* **Exercise data**:
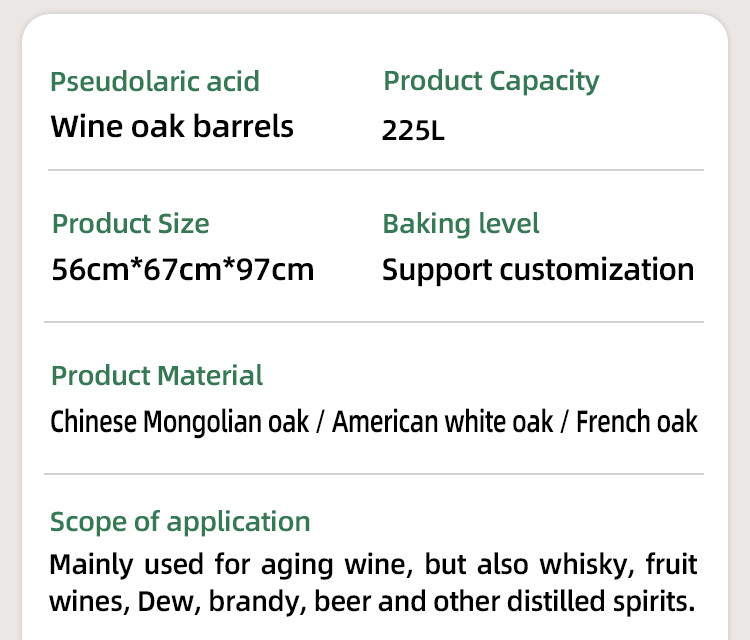 Wine oak barrel (14).jpg Wine oak barrel 225L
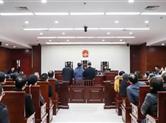 越城区3名村干部被公开审理 涉嫌职务侵占、受贿，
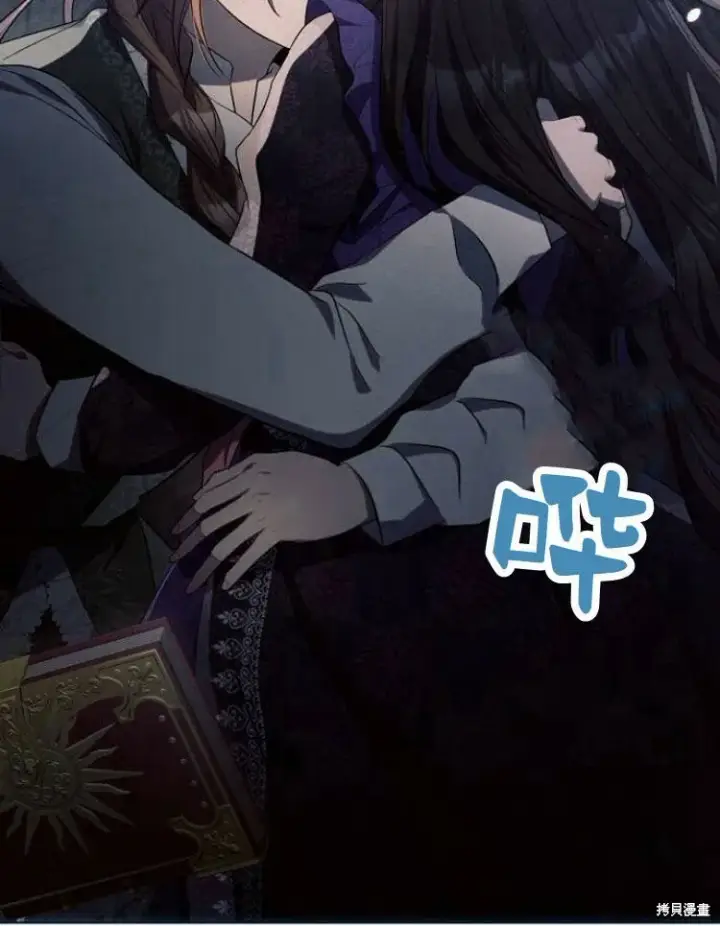 《阿斯塔特》第21话图17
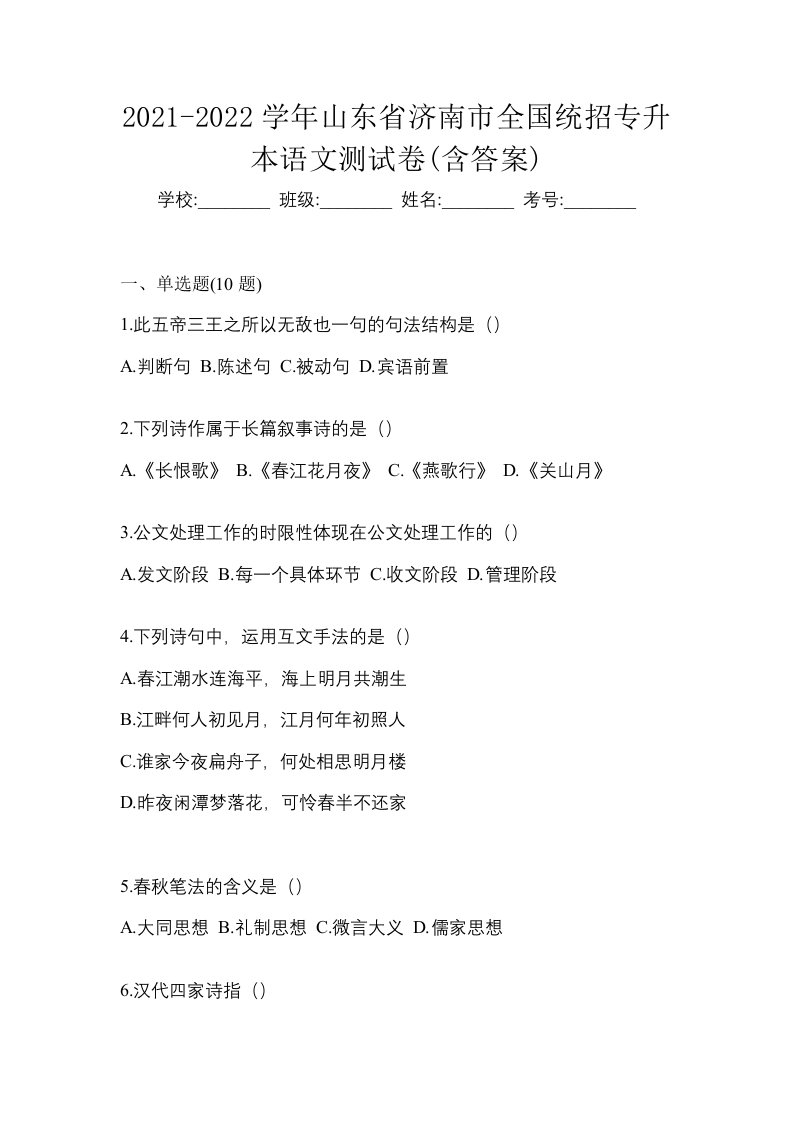 2021-2022学年山东省济南市全国统招专升本语文测试卷含答案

* **Exercise prompt**:
Your copy should hold exactly the lines from the line containing "越城区3名村干部被公开审理 涉嫌职务侵占、受贿，" through the last line of the listing above, both included, and no pictures.

* **Response to this task**:
 越城区3名村干部被公开审理 涉嫌职务侵占、受贿，
 《阿斯塔特》第21话图17
 2021-2022学年山东省济南市全国统招专升本语文测试卷含答案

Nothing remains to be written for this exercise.